(By Tom Hamburger and Matea Gold, Tribune Washington Bureau – Los Angeles Times) Frustrated by what they see as President Obama’s weakness in battling Republicans, leading Democratic donors and tacticians have begun independently plotting their political recovery — including building a network of outside fundraising and campaign organizations to compete with those formed this year by Republicans.
This week, more than 100 wealthy Democrats gathered in a posh Washington hotel for a closed meeting in which participants repeatedly called for Obama be more aggressive in his agenda and tactical combat with the Republican right.
“I am used to fighting losing battles, but I don’t like losing without a fight,” said financier George Soros, a longtime donor to causes on the left, in a comment confirmed by his staff as part of a call to arms in private conversations at the postelection meeting of the Democracy Alliance, an organization of wealthy Democrats that provides funding to liberal groups.

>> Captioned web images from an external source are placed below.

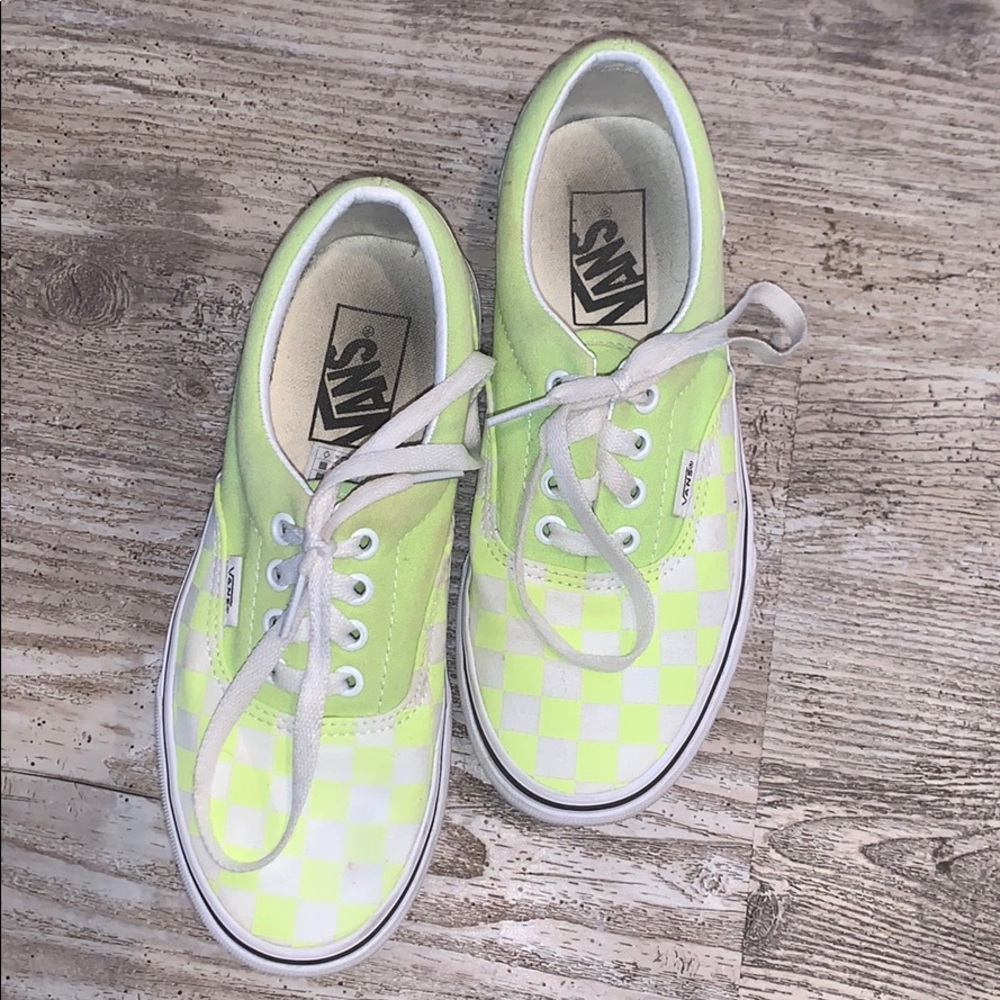 Neon green vans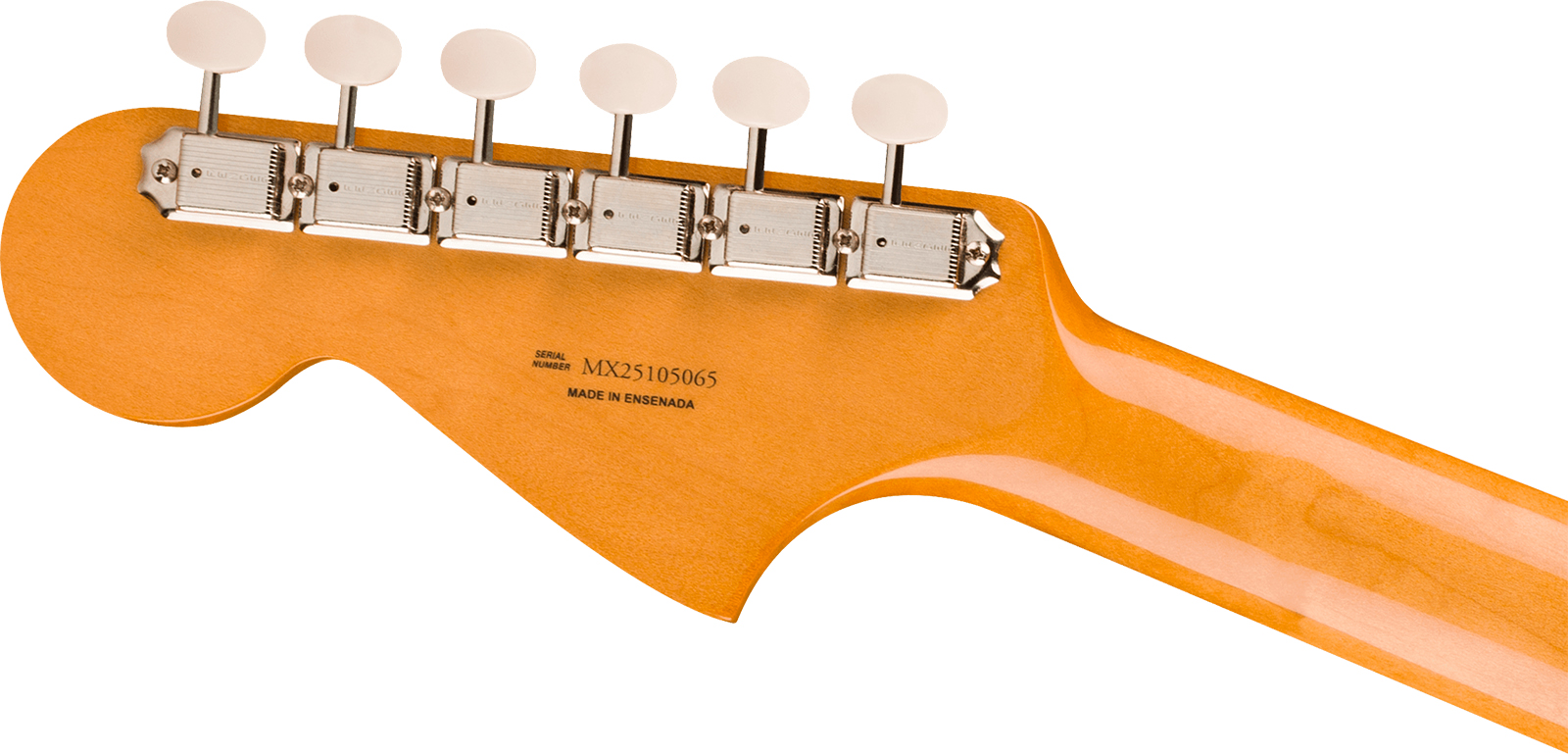 Fender Mustang Mid 60s Vintera 3 Mex Shsc 2s Trem Rw - Dakota Red - Retro rock electric guitar - Variation 3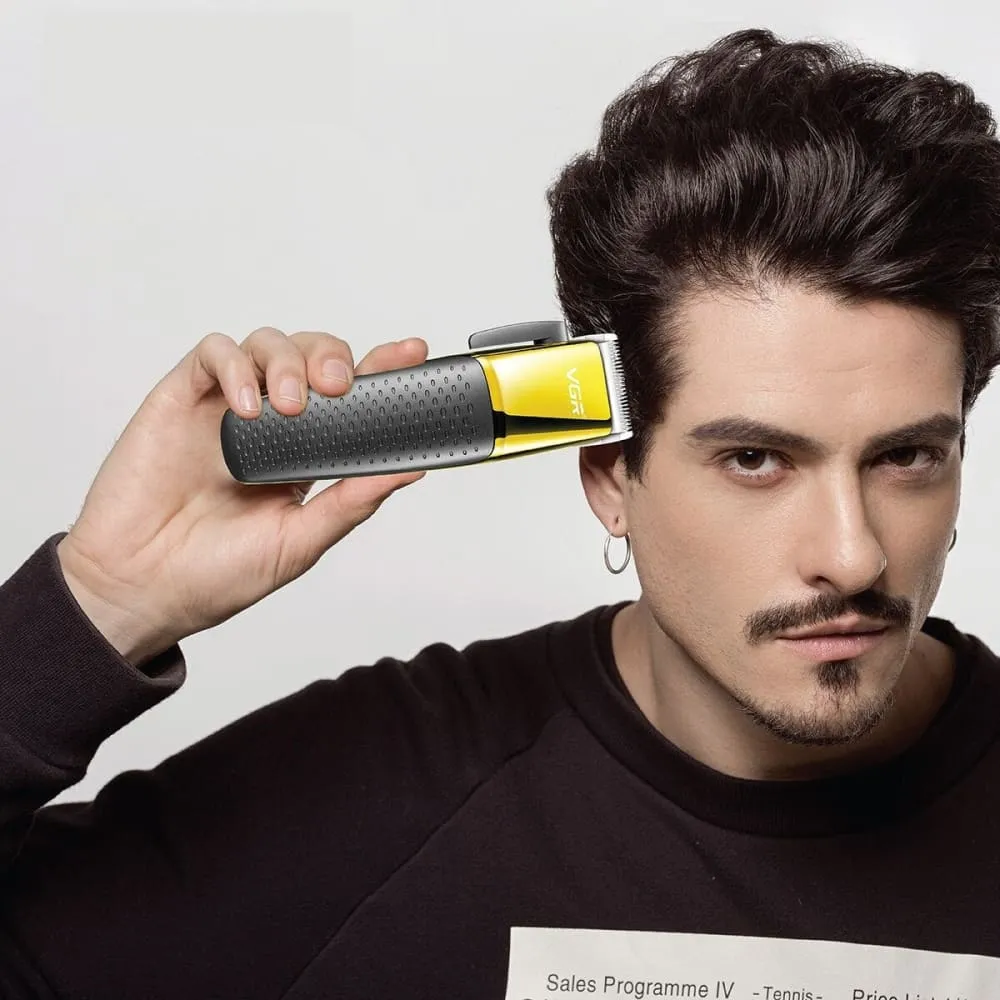 Electric Rechargeable Cordless Adjustable Hair Clipper for Men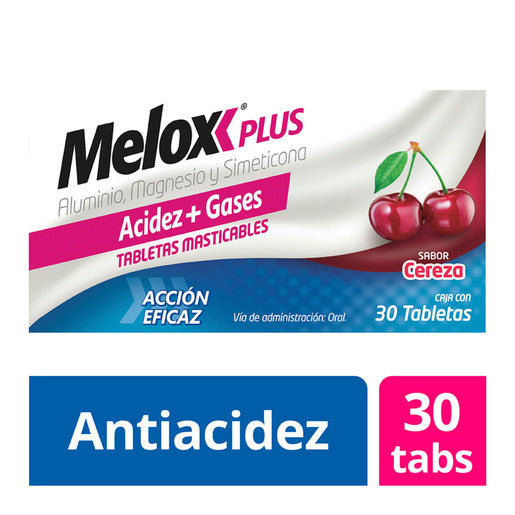 MELOX PLUS ANT-GAS CZA 30 TAB MAST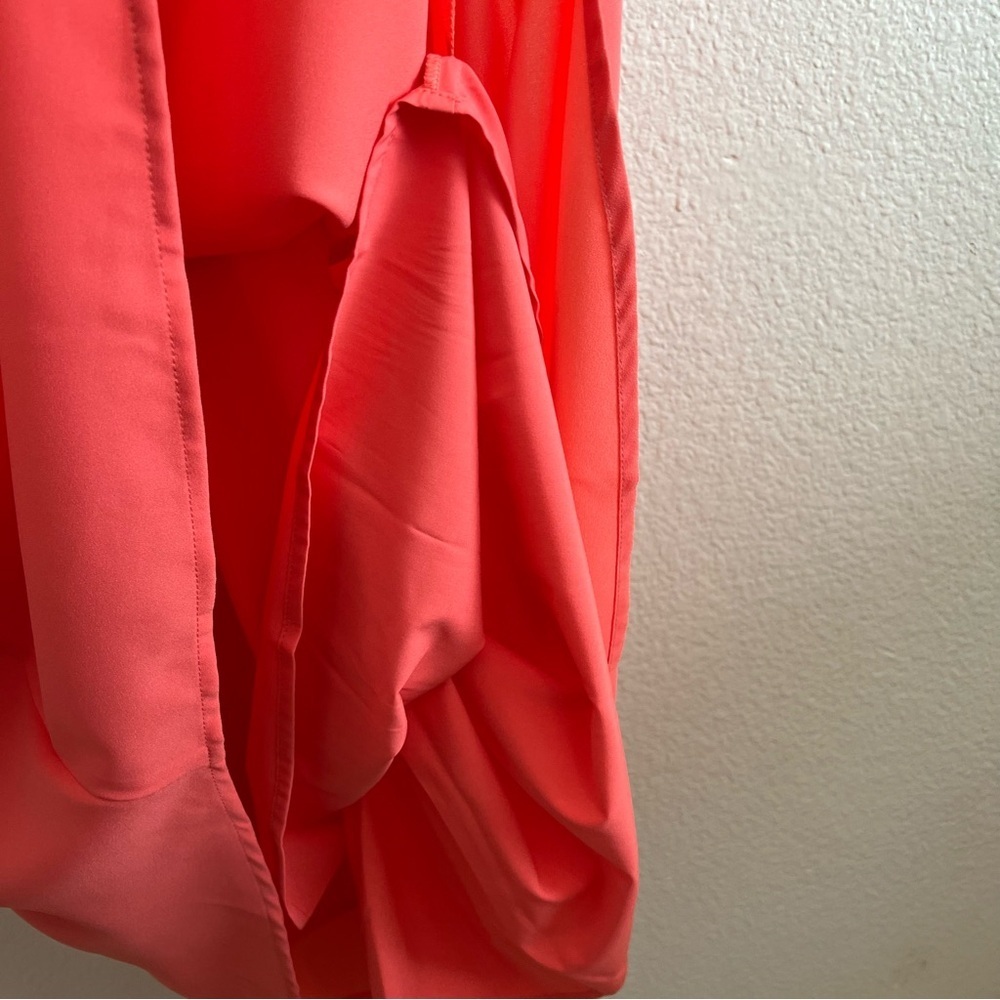 NWT Alex Marie Maternity Coral One Shoulder Dress Large - Picture 5 of 8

In another sign of Democratic unrest, a dozen prominent Democrats — including longtime Bill Clinton advisor Harold Ickes, labor leader Andy Stern and representatives of influential interest groups — will meet Monday to discuss whether to form a new operation to combat the array of outside groups launched this year by Karl Rove and other Republican strategists, according to multiple participants.
Such a move by Democrats comes despite Obama’s longstanding opposition to political spending by outside groups — particularly those that refuse to disclose their donors — and underscores the deep dissatisfaction with the White House’s strategy on several fronts.
The White House declined to comment.
Many disaffected Democrats complain that the Obama administration needs to be more aggressive in advocating positions to rally the party’s base and differentiate it from the Republicans. White House officials who attended the Democracy Alliance meeting, including Austan Goolsbee, chair of the Council of Economic Advisors, and Deputy Chief of Staff Jim Messina, were pressed about the administration’s stances on taxes, job creation and the environment.
Some Obama supporters reject the view that the administration has been tepid.